Proving $\sum_{k=0}^{2m}(-1)^k{\binom{2m}{k}}^3=(-1)^m\binom{2m}{m}\binom{3m}{m}$ (Dixon's identity)

Solution 1:

// I thought it would be nice to have an actual solution on this page (especially if that is not one of solutions posted @ MO).

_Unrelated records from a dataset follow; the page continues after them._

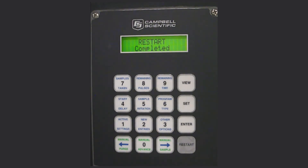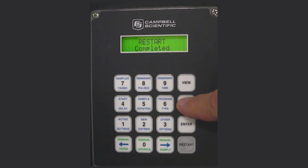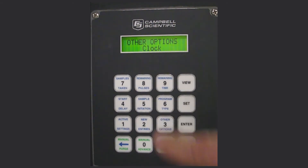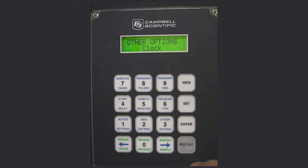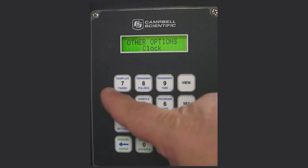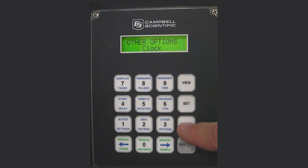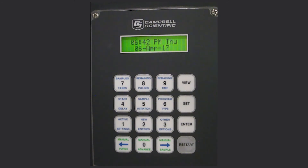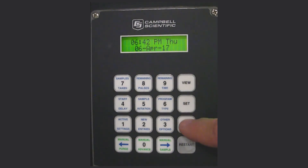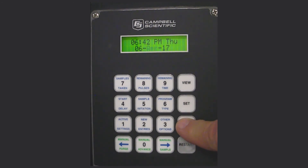Now one other thing to check is the purge time, but first let's verify the clock. Press SET number 3 for other options. If the power has been off, you've had to reset it, or the battery has gone dead, you may want to check the clock — press enter. In this case it shows the 6th of April 2017 at 6:42 PM, which is correct. By pressing enter you can change options including AM, PM, the day, the month, and the year.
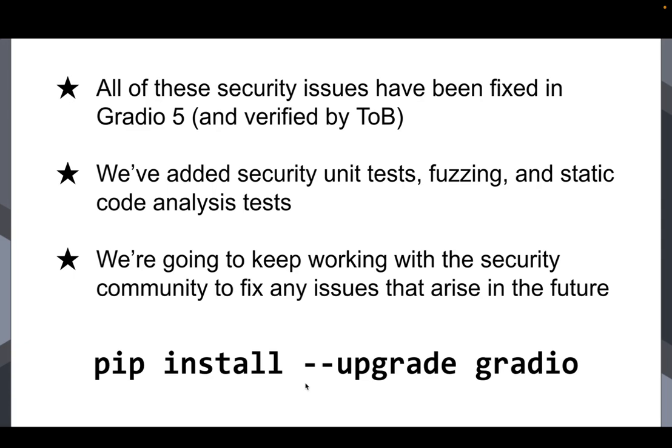So for now, if you're a Gradio developer or Gradio user, pip install upgrade Gradio. That'll upgrade you to the latest version of Gradio with all of these issues that I talked about fixed. And if you are interested in learning more, check out the link below where we share the security report that Trail of Bits prepared. We're sharing it with everyone.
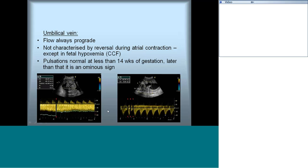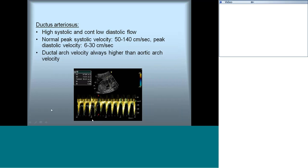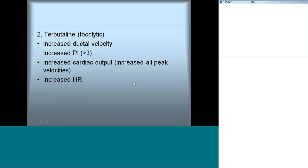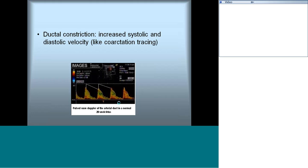Ductus arteriosus Doppler is sampled when the ductal arch is opened. The ductus arteriosus has systolic and continuous diastolic flow, similar to umbilical artery flow. Velocities in the ductus arteriosus have acceptable ranges — if they exceed these, it may indicate constriction of the ductus, which can occur if the mother is on tocolytic drugs, indomethacin, NSAIDs, or terbutaline. Ductus constriction increases systolic and diastolic velocities producing a tracing similar to coarctation, making Doppler of the ductus arteriosus important.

OK, so we want to compute the coefficient $$ [z^{2m}w^{2m}]\left\{(1-z)^{2m}(1-w)^{2m}(z-w)^{2m}\right\} $$ i.e. the residue $$ \operatorname*{res}_{z,w}\frac{(1-z)^{2m}(1-w)^{2m}(z-w)^{2m}}{z^{2m}w^{2m}}\frac{dz}z\frac{dw}w; $$ after the substitution $Z=z/(1-w)$, $W=w/(1-z)$ (using that $z-w=\frac{Z-W}{1-ZW}$ and $\frac{dz}z\frac{dw}w=\frac{dZ\,dW}{ZW(1-ZW)}$) we see that it's equal to $$ \operatorname*{res}_{Z,W}\frac{(Z-W)^{2m}}{(1-ZW)^{2m}Z^{2m}W^{2m}}\frac{dZ\,dW}{ZW(1-ZW)}= [(ZW)^{2m}]\left\{\frac{(Z-W)^{2m}}{(1-ZW)^{2m+1}}\right\} $$ which is equal to $(-1)^m\binom{2m}{m}\binom{3m}m$.

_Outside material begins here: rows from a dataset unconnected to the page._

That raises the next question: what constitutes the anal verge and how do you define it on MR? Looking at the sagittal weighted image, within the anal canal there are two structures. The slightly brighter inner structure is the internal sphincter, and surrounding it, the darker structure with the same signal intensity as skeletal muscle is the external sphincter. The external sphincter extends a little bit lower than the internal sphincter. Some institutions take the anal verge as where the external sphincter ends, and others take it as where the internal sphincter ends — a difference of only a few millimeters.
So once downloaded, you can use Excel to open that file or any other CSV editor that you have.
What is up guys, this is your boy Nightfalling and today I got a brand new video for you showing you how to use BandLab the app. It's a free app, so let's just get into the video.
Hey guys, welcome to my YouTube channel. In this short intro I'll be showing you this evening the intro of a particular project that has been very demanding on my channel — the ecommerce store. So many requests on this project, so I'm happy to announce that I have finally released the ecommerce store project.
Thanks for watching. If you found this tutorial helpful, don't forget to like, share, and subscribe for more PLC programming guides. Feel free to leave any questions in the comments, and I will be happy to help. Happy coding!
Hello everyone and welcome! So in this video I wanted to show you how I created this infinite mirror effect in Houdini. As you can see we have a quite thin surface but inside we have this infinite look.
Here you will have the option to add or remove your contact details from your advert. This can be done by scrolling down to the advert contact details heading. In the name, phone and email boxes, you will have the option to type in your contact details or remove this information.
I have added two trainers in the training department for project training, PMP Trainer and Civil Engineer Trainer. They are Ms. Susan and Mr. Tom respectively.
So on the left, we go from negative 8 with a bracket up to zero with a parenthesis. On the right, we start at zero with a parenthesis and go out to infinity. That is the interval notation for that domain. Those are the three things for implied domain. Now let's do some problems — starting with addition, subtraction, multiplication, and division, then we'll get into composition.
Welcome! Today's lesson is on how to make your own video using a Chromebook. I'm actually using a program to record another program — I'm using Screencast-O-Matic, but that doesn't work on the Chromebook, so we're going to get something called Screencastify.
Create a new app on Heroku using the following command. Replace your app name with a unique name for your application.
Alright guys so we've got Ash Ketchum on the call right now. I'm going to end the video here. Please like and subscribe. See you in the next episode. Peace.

// The substitution looks somewhat magical. I've learned it from Gessel–Stanton paper mentioned by Todd Trimble @ MO.

Solution 2:

Good$^\dagger$ proof

0. Let's prove more general form of Dixon's identity: $$ \sum(-1)^k\binom{a+b}{b+k}\binom{b+c}{c+k}\binom{c+a}{a+k}=\binom{a+b+c}{a,b,c} $$ (the version from OP corresponds to $a=b=c=n$).

1. Trinomial coefficients satisfy — and are defined by — a simple recurrence. So we only need to show that LHS — let's denote it $F(a,b,c)$ — satisfies $$ F(a,b,c)=F(a-1,b,c)+F(a,b-1,c)+F(a,b,c-1). $$

2. Let's rewrite LHS in 'Dyson style': it's the constant term of $$ (-1)^{a+b+c}\frac{(x-y)^{a+b}(y-z)^{b+c}(z-x)^{c+a}}{x^{2a}y^{2b}z^{2c}}. $$ But now the recurrence follows immediately from the identity $$ \frac{y^2}{(x-y)(y-z)}+\frac{z^2}{(y-z)(z-x)}+\frac{x^2}{(z-x)(x-y)}=-1 $$ (which is due to Euler, I believe).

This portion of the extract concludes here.